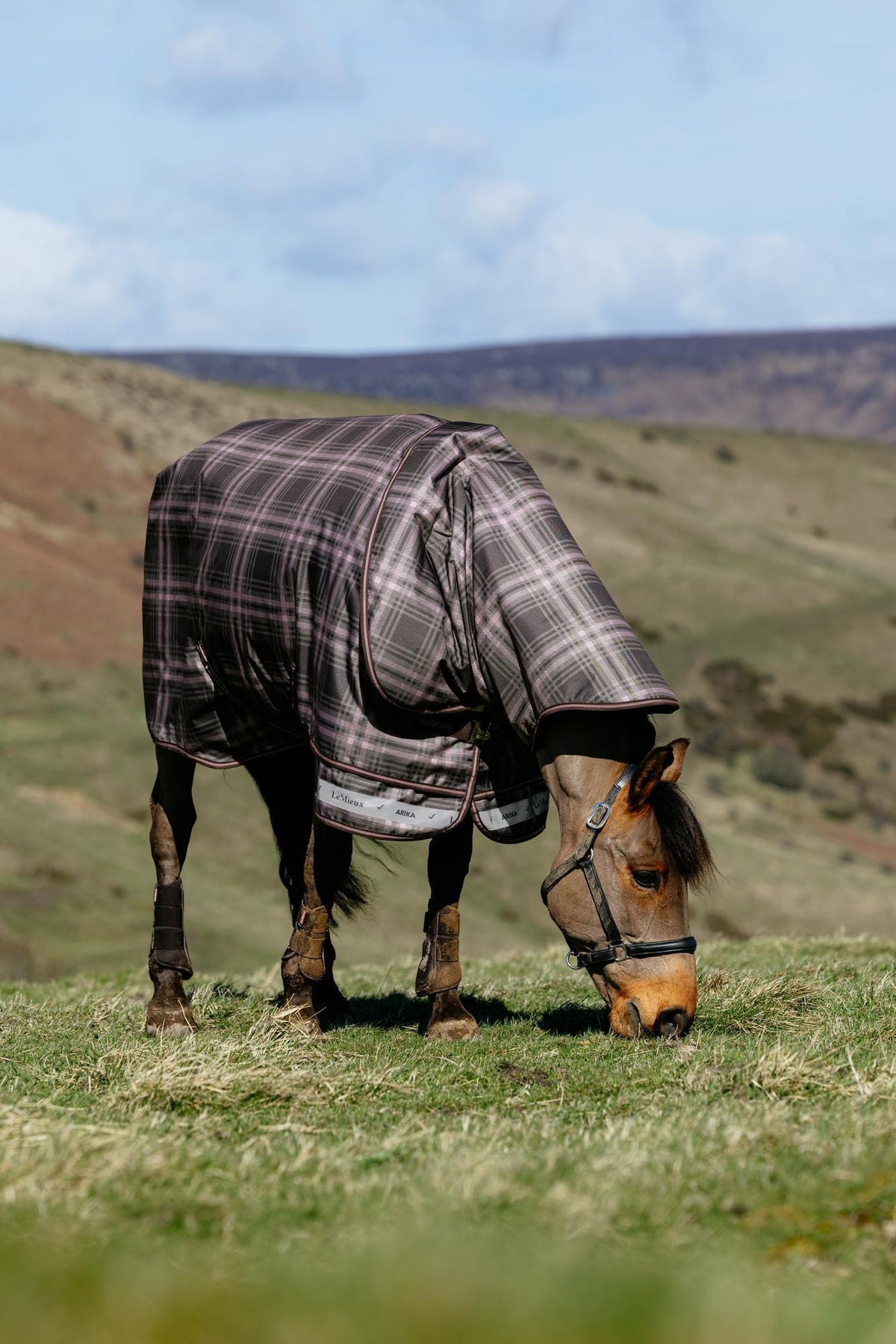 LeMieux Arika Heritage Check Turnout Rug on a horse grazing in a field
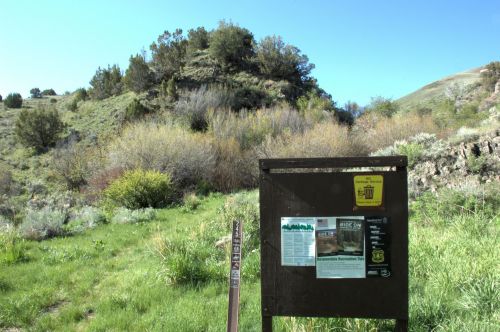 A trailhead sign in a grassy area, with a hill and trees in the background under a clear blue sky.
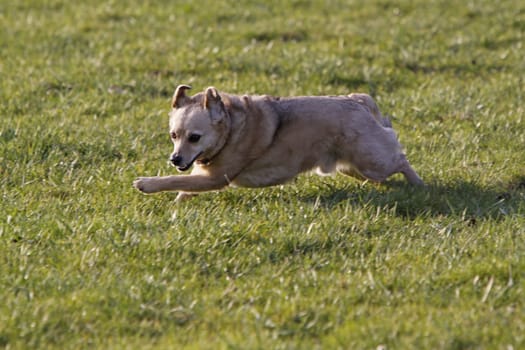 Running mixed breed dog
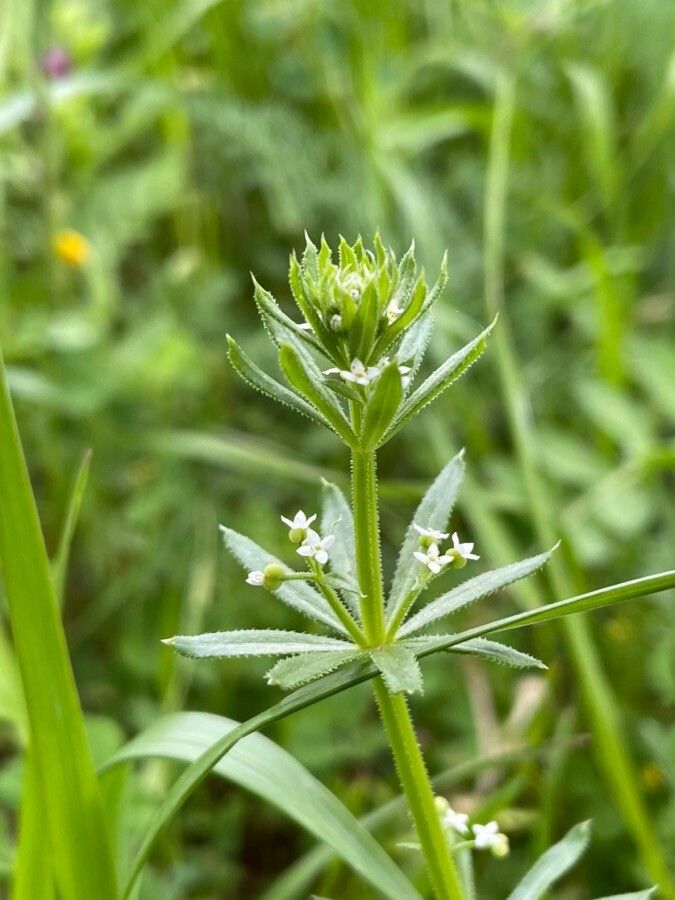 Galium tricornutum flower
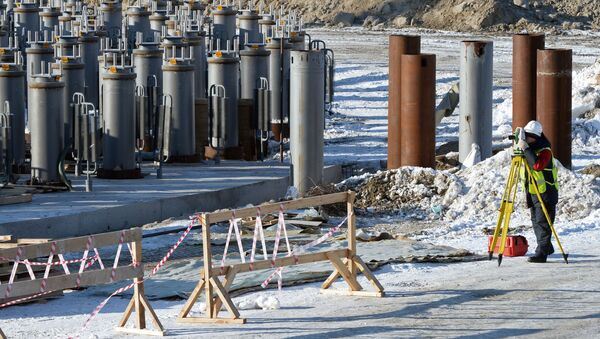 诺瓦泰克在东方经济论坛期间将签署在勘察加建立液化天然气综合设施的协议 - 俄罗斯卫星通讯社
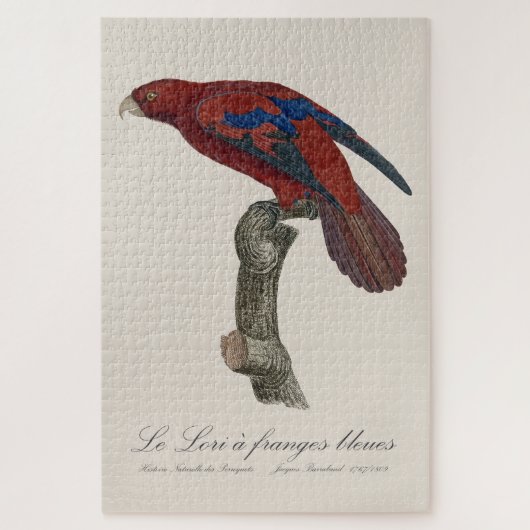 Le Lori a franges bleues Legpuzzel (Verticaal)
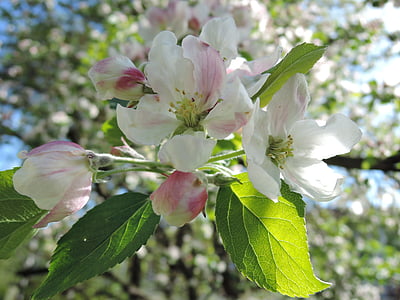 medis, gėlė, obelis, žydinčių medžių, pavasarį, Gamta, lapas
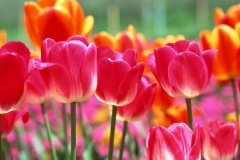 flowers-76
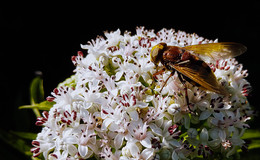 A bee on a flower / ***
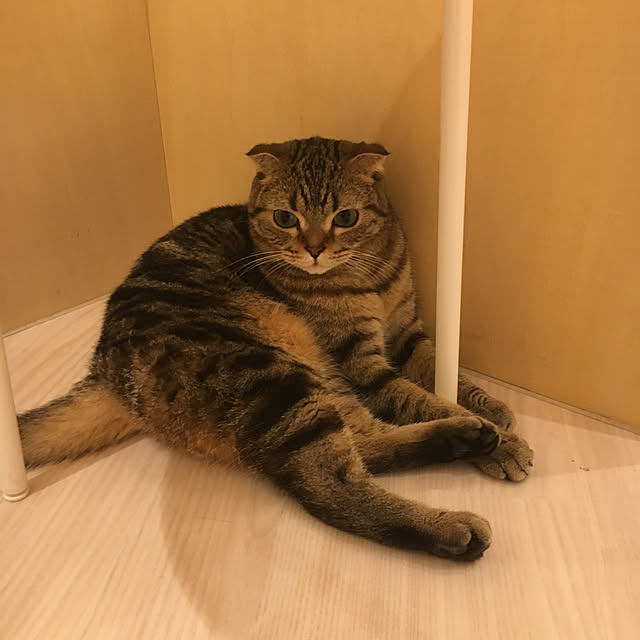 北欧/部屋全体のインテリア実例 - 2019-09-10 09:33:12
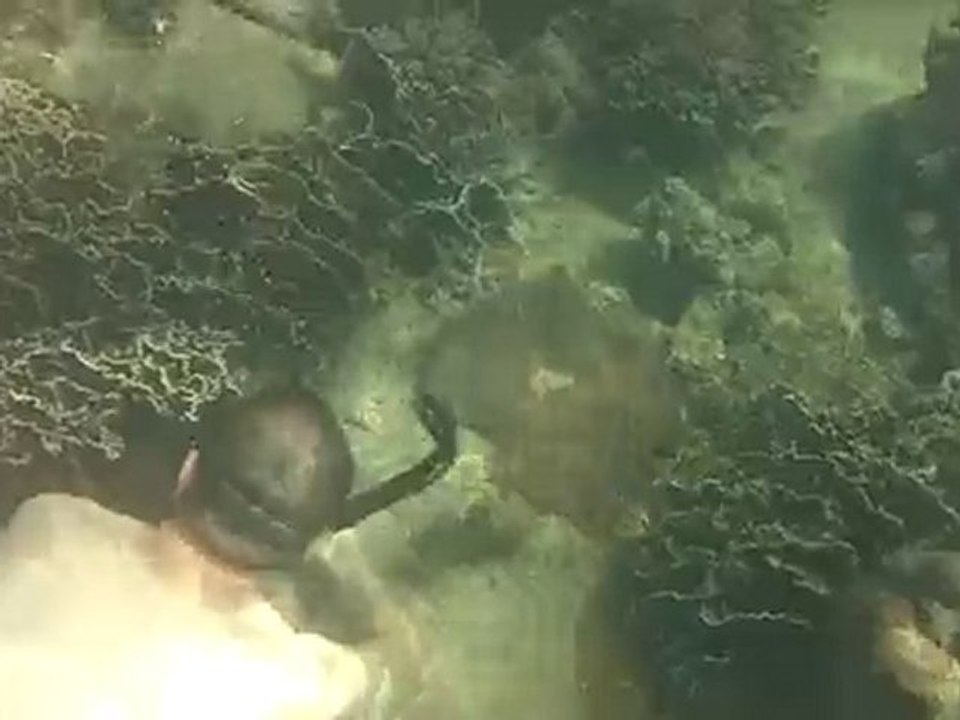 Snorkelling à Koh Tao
○ ○ ○
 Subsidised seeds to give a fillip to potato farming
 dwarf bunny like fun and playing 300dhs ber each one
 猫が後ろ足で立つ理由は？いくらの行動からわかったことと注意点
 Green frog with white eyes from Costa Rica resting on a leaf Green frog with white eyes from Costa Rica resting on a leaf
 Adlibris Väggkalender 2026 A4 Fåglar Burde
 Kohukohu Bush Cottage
○ ○ ○
# [Your instructions]
Print an exact copy of the lines above, from the one containing "诺瓦泰克在东方经济论坛期间将签署在勘察加建立液化天然气综合设施的协议 - 俄罗斯卫星通讯社" through the one containing "Snorkelling à Koh Tao", and leave out the pictures.

# [Solution for this task]
 诺瓦泰克在东方经济论坛期间将签署在勘察加建立液化天然气综合设施的协议 - 俄罗斯卫星通讯社
 Le Lori a franges bleues Legpuzzel (Verticaal)
 medis, gėlė, obelis, žydinčių medžių, pavasarį, Gamta, lapas
 flowers-76
 A bee on a flower / ***
 北欧/部屋全体のインテリア実例 - 2019-09-10 09:33:12
 Snorkelling à Koh Tao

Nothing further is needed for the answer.